All Your Metadata Shall Be In Water Writ

The power of the internet lies in its near-infinite mutability. It’s an edifice of information being added to and sculpted by as many hands as there are eyes viewing it. Truly democratic and increasingly accessible, it will soon be the vector for most communication that takes place on our world.

But its mutability is also a weakness, as so many great strengths are. The weakness arises from a lack of permanence: it is impossible to make an indelible mark.

Lack of permanence! you say. Why, I can request 500 pages of data on file at Facebook, and the NSA is building a profile on me that includes every cookie I’ve ever been issued. True, but the data itself is impermanent. Vulnerable in a dozen ways to being rewritten, manipulated, retouched, softened, or otherwise reduced from a record to a falsification.

The data we create today is not etched in stone but “writ in water.” The benefits of this we have seen, and monumental they are, but soon we will know its danger, too.

The chocolate ration has been increased

Broadly speaking, the potential for fraud on the internet is as great as the potential for good, but the idea of this article isn’t to enumerate the many ways in which data can be manipulated for nefarious purposes. The problem lies at a higher level of organization: higher than engineering (e.g. “video is too high-bandwidth”) but not quite philosophical (e.g. “why should we pay for software”). It’s simply this:

There is no simple and reliable way to tell whether the information you are looking at has been altered in any way. Every word, every image, every byte has to some significant degree an unknown provenance.

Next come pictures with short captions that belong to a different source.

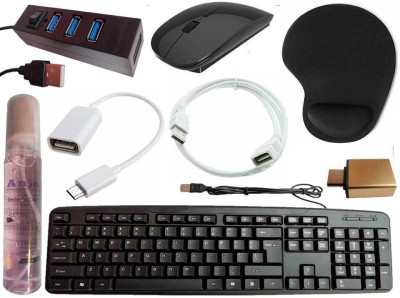 ANJO USB Keyboard-Wireless Mouse-Wrist Support Pad-2.0 Hub-Cleaner-OTG C&Micro-Ext. Combo Set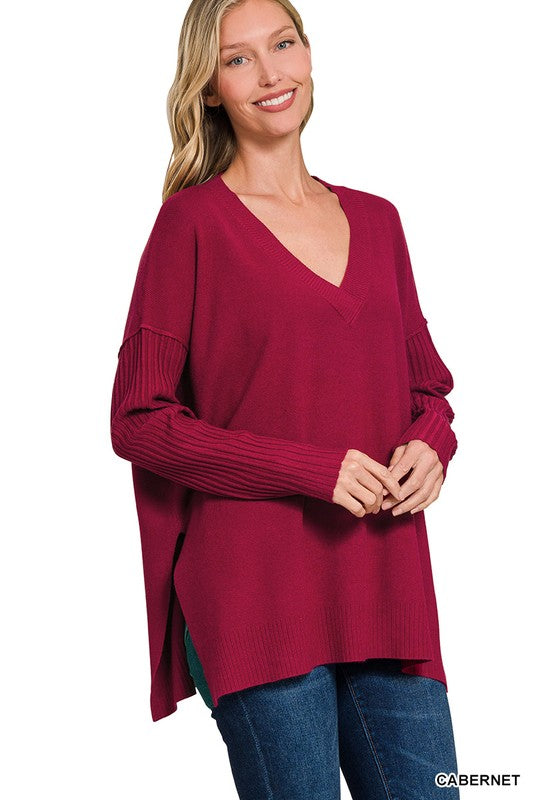 Ribbed Hem & Sleeve V Neck Sweater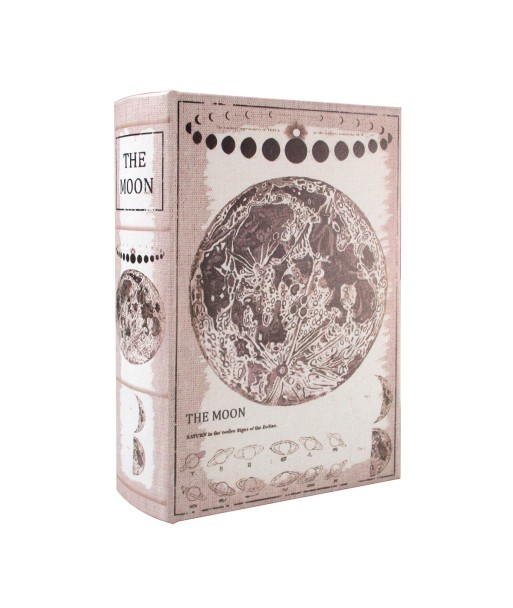ORIGEN Home Decor Caja Libro Luna Plateado Rectangular 21x13x5cm - Cajas Libro Etnico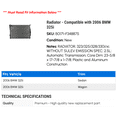 thumbnail image 2 of Radiator - Compatible with 2006 BMW 325i, 2 of 2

There are some ways to be reasonably sure about some things, to be sure, like the complicated sub pixel breakdown to which photographs can be subjected, or textual analysis, or timestamps. But like all countermeasures these are soon defeated, and you’re back to where you started.

It’s not a problem unique to digital data; counterfeiting and data manipulation go back to prehistory. We don’t have to solve the problem of human iniquity. But it would be nice if there was some way of ensuring that any given portion of data, be it text, image, moving image, audio, or what have you, has remained undisturbed since it was set down.

In a way it becomes a philosophical problem here at last, but one that ends in a sort of informational nihilism. How can you really be sure something is original? How do we know someone hasn’t modified the Constitution, replaced the surveillance tapes, bribed the scholars, a la George Orwell? That way lies madness. But it is practical to want to know whether a news report you just read was changed after publication, or whether a photo has been retouched in any way.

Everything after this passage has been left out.